## [TASK]
Once the line containing "In this way" is found in the material below, it and every line after it should be transcribed exactly, with pictures left out and nothing added.
THE DATA Block Start
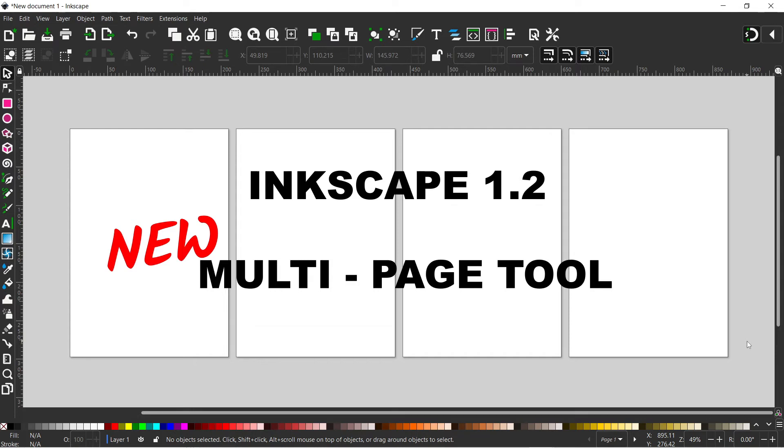Hello and welcome to another video on Inkscape. In this video we're going to be taking a look at Inkscape 1.2's new multi-page tool.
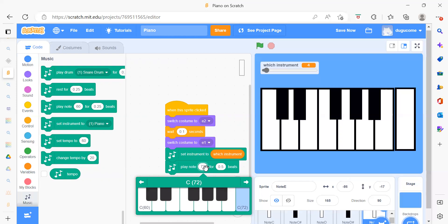In this way we can create our piano tiles project. Thank you so much for watching this video. Please like, share, and subscribe to our channel Code for Kids, and press the bell icon if you want more latest updates. Thank you so much, have a great day, bye bye, take care.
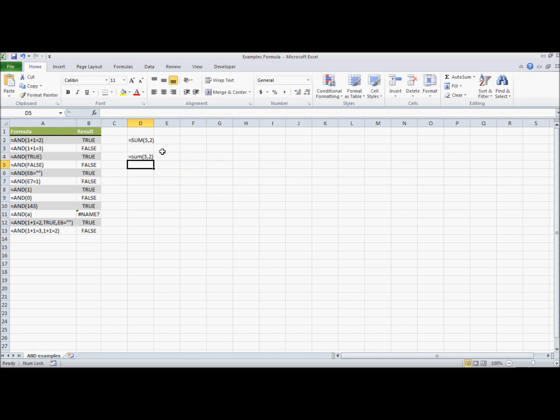But you'll also notice that it doesn't automatically format. So I've typed uppercase and I've typed lowercase. The actual format, and you can see that here, is all uppercase letters for these functions.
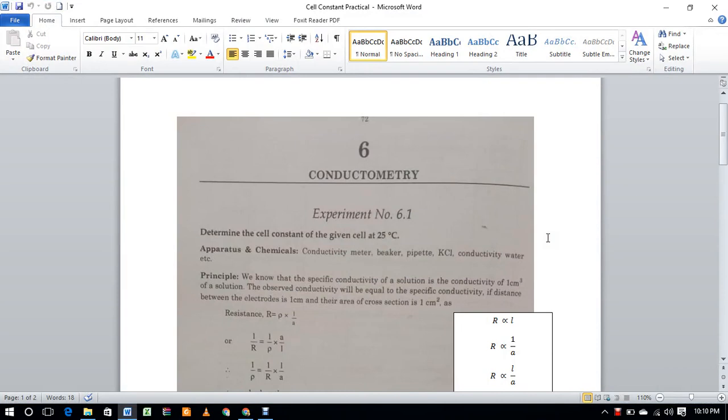Today we discuss a short practical: to determine the cell constant of a given cell at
THE DATA Block End
## [OUTPUT OF THE TASK]
In this way we can create our piano tiles project. Thank you so much for watching this video. Please like, share, and subscribe to our channel Code for Kids, and press the bell icon if you want more latest updates. Thank you so much, have a great day, bye bye, take care.
But you'll also notice that it doesn't automatically format. So I've typed uppercase and I've typed lowercase. The actual format, and you can see that here, is all uppercase letters for these functions.
Today we discuss a short practical: to determine the cell constant of a given cell at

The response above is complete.